## WORK TO COMPLETE
No pictures go into the copy. Write out every line below exactly.

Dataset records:
*** Block opens ***
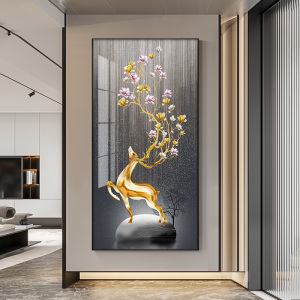 大气玄关装饰画轻奢竖版入户正对门壁画现代简约抽象走廊过道挂画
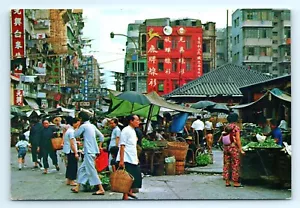 Cartolina Hong Kong mercato aperto strada Hong Kong 4x6 pollici - Foto 1 di 2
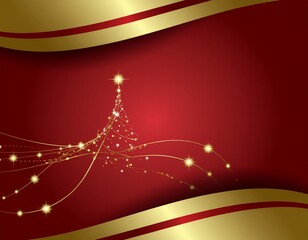 Red and gold Christmas background 
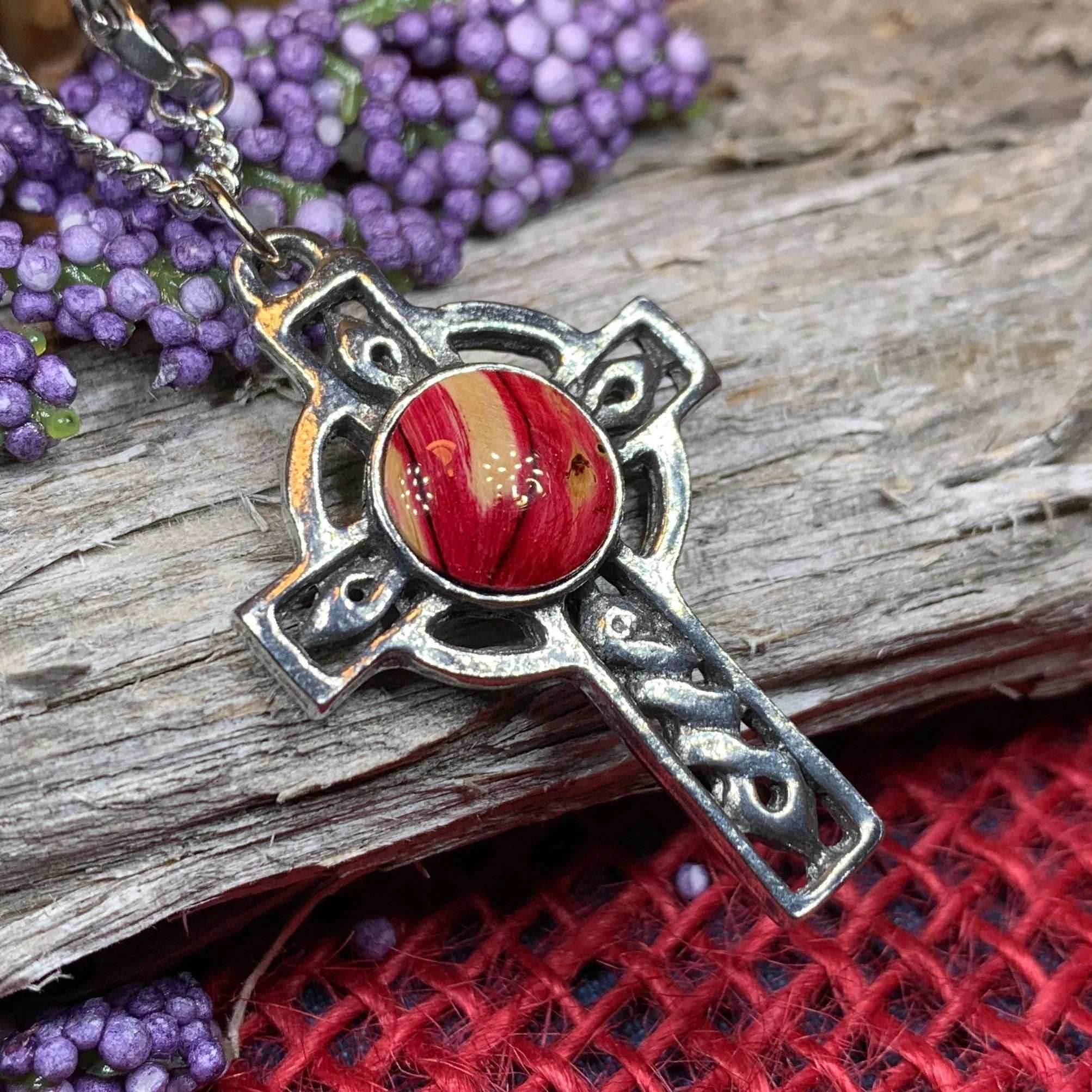 Heathergems Celtic Cross Necklace - Red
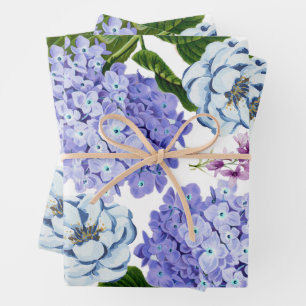 Watercolor Purple, Blue, Pink Garden Flowers Wrapping Paper Sheets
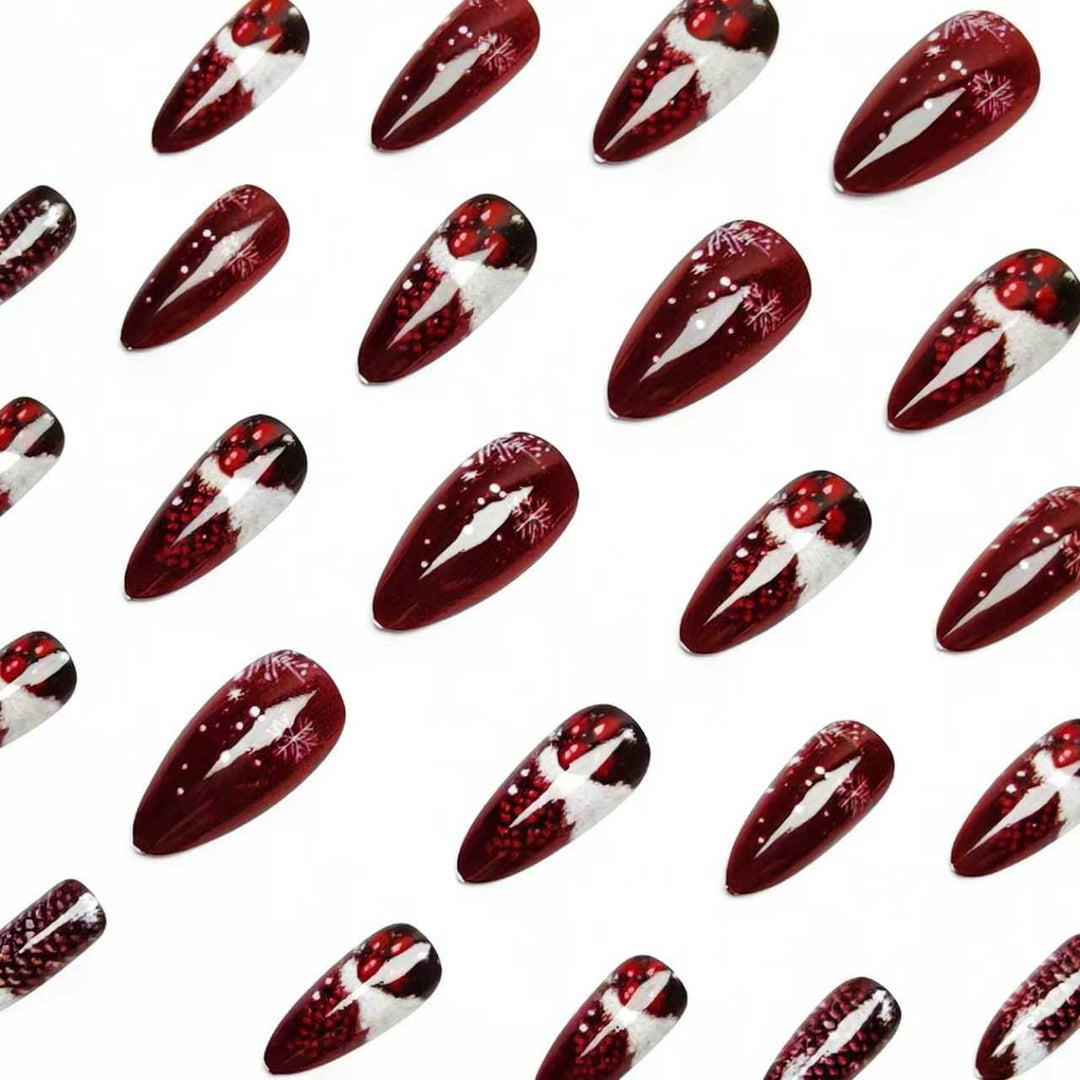 Artificial nails with festive winter design Bowlift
*** Block closes ***
## RESPONSE TO THIS EXERCISE
 大气玄关装饰画轻奢竖版入户正对门壁画现代简约抽象走廊过道挂画
 Cartolina Hong Kong mercato aperto strada Hong Kong 4x6 pollici - Foto 1 di 2
 Red and gold Christmas background 
 Heathergems Celtic Cross Necklace - Red
 Watercolor Purple, Blue, Pink Garden Flowers Wrapping Paper Sheets
 Artificial nails with festive winter design Bowlift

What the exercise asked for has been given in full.